*Task directions*. I need all the entries repeated exactly as written.

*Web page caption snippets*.
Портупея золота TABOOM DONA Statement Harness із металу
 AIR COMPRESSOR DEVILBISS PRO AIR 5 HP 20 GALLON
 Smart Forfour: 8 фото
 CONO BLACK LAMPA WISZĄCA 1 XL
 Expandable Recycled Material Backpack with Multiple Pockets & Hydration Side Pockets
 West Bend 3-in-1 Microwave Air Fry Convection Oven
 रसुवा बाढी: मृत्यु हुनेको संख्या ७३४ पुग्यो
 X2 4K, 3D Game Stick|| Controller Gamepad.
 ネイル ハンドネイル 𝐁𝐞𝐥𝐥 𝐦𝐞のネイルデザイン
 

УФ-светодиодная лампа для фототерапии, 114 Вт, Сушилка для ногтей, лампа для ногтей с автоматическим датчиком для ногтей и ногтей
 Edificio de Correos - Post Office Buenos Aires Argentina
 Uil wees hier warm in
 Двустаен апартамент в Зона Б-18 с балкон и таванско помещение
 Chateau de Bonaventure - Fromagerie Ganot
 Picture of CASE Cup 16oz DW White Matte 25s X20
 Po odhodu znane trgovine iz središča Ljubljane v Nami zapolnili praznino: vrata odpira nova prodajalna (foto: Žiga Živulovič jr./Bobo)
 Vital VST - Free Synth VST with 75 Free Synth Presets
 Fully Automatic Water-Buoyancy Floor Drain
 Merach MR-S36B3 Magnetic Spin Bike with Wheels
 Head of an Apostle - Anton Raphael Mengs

*Problem solution*.
Портупея золота TABOOM DONA Statement Harness із металу
 AIR COMPRESSOR DEVILBISS PRO AIR 5 HP 20 GALLON
 Smart Forfour: 8 фото
 CONO BLACK LAMPA WISZĄCA 1 XL
 Expandable Recycled Material Backpack with Multiple Pockets & Hydration Side Pockets
 West Bend 3-in-1 Microwave Air Fry Convection Oven
 रसुवा बाढी: मृत्यु हुनेको संख्या ७३४ पुग्यो
 X2 4K, 3D Game Stick|| Controller Gamepad.
 ネイル ハンドネイル 𝐁𝐞𝐥𝐥 𝐦𝐞のネイルデザイン
 

УФ-светодиодная лампа для фототерапии, 114 Вт, Сушилка для ногтей, лампа для ногтей с автоматическим датчиком для ногтей и ногтей
 Edificio de Correos - Post Office Buenos Aires Argentina
 Uil wees hier warm in
 Двустаен апартамент в Зона Б-18 с балкон и таванско помещение
 Chateau de Bonaventure - Fromagerie Ganot
 Picture of CASE Cup 16oz DW White Matte 25s X20
 Po odhodu znane trgovine iz središča Ljubljane v Nami zapolnili praznino: vrata odpira nova prodajalna (foto: Žiga Živulovič jr./Bobo)
 Vital VST - Free Synth VST with 75 Free Synth Presets
 Fully Automatic Water-Buoyancy Floor Drain
 Merach MR-S36B3 Magnetic Spin Bike with Wheels
 Head of an Apostle - Anton Raphael Mengs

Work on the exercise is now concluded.